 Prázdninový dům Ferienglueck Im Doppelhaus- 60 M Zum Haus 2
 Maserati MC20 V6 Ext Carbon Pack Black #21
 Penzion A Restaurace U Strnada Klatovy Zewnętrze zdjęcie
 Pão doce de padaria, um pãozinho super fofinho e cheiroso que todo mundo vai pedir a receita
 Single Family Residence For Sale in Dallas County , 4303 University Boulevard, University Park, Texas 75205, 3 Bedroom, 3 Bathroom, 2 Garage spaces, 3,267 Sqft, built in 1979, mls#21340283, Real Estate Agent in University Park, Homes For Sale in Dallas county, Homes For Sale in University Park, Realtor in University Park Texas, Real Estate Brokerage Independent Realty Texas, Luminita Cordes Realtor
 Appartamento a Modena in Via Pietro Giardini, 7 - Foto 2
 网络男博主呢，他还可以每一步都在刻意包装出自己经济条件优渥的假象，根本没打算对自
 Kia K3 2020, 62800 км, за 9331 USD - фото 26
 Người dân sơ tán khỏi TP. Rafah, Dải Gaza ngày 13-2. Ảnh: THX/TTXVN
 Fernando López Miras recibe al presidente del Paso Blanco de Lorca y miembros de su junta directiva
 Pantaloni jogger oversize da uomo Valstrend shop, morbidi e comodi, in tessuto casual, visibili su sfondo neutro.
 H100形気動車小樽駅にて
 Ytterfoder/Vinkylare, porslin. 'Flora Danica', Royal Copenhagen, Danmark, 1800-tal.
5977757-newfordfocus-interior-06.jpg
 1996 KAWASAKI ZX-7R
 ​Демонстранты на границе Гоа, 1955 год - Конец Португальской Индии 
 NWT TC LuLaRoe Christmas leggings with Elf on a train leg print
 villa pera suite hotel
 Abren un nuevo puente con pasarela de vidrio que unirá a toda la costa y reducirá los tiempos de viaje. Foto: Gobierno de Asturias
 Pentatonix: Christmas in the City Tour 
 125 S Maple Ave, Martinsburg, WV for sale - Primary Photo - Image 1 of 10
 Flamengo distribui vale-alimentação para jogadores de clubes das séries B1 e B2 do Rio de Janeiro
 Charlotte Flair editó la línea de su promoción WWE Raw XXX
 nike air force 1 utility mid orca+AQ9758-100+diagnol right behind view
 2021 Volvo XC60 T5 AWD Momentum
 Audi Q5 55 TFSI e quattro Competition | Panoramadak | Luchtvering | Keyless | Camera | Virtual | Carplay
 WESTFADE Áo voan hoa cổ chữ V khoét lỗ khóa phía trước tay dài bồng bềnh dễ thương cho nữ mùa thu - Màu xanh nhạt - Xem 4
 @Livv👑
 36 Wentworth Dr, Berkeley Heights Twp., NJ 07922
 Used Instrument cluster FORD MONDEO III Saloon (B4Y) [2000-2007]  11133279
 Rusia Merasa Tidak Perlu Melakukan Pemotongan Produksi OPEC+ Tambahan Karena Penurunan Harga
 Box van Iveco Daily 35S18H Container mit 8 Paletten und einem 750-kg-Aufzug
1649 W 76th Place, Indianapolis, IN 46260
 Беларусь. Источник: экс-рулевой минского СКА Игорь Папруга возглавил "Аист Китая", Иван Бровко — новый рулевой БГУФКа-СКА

THE PROBLEM -
Go through the records above and set each one down exactly, please.

WRITTEN RESPONSE -
 Prázdninový dům Ferienglueck Im Doppelhaus- 60 M Zum Haus 2
 Maserati MC20 V6 Ext Carbon Pack Black #21
 Penzion A Restaurace U Strnada Klatovy Zewnętrze zdjęcie
 Pão doce de padaria, um pãozinho super fofinho e cheiroso que todo mundo vai pedir a receita
 Single Family Residence For Sale in Dallas County , 4303 University Boulevard, University Park, Texas 75205, 3 Bedroom, 3 Bathroom, 2 Garage spaces, 3,267 Sqft, built in 1979, mls#21340283, Real Estate Agent in University Park, Homes For Sale in Dallas county, Homes For Sale in University Park, Realtor in University Park Texas, Real Estate Brokerage Independent Realty Texas, Luminita Cordes Realtor
 Appartamento a Modena in Via Pietro Giardini, 7 - Foto 2
 网络男博主呢，他还可以每一步都在刻意包装出自己经济条件优渥的假象，根本没打算对自
 Kia K3 2020, 62800 км, за 9331 USD - фото 26
 Người dân sơ tán khỏi TP. Rafah, Dải Gaza ngày 13-2. Ảnh: THX/TTXVN
 Fernando López Miras recibe al presidente del Paso Blanco de Lorca y miembros de su junta directiva
 Pantaloni jogger oversize da uomo Valstrend shop, morbidi e comodi, in tessuto casual, visibili su sfondo neutro.
 H100形気動車小樽駅にて
 Ytterfoder/Vinkylare, porslin. 'Flora Danica', Royal Copenhagen, Danmark, 1800-tal.
5977757-newfordfocus-interior-06.jpg
 1996 KAWASAKI ZX-7R
 ​Демонстранты на границе Гоа, 1955 год - Конец Португальской Индии 
 NWT TC LuLaRoe Christmas leggings with Elf on a train leg print
 villa pera suite hotel
 Abren un nuevo puente con pasarela de vidrio que unirá a toda la costa y reducirá los tiempos de viaje. Foto: Gobierno de Asturias
 Pentatonix: Christmas in the City Tour 
 125 S Maple Ave, Martinsburg, WV for sale - Primary Photo - Image 1 of 10
 Flamengo distribui vale-alimentação para jogadores de clubes das séries B1 e B2 do Rio de Janeiro
 Charlotte Flair editó la línea de su promoción WWE Raw XXX
 nike air force 1 utility mid orca+AQ9758-100+diagnol right behind view
 2021 Volvo XC60 T5 AWD Momentum
 Audi Q5 55 TFSI e quattro Competition | Panoramadak | Luchtvering | Keyless | Camera | Virtual | Carplay
 WESTFADE Áo voan hoa cổ chữ V khoét lỗ khóa phía trước tay dài bồng bềnh dễ thương cho nữ mùa thu - Màu xanh nhạt - Xem 4
 @Livv👑
 36 Wentworth Dr, Berkeley Heights Twp., NJ 07922
 Used Instrument cluster FORD MONDEO III Saloon (B4Y) [2000-2007]  11133279
 Rusia Merasa Tidak Perlu Melakukan Pemotongan Produksi OPEC+ Tambahan Karena Penurunan Harga
 Box van Iveco Daily 35S18H Container mit 8 Paletten und einem 750-kg-Aufzug
1649 W 76th Place, Indianapolis, IN 46260
 Беларусь. Источник: экс-рулевой минского СКА Игорь Папруга возглавил "Аист Китая", Иван Бровко — новый рулевой БГУФКа-СКА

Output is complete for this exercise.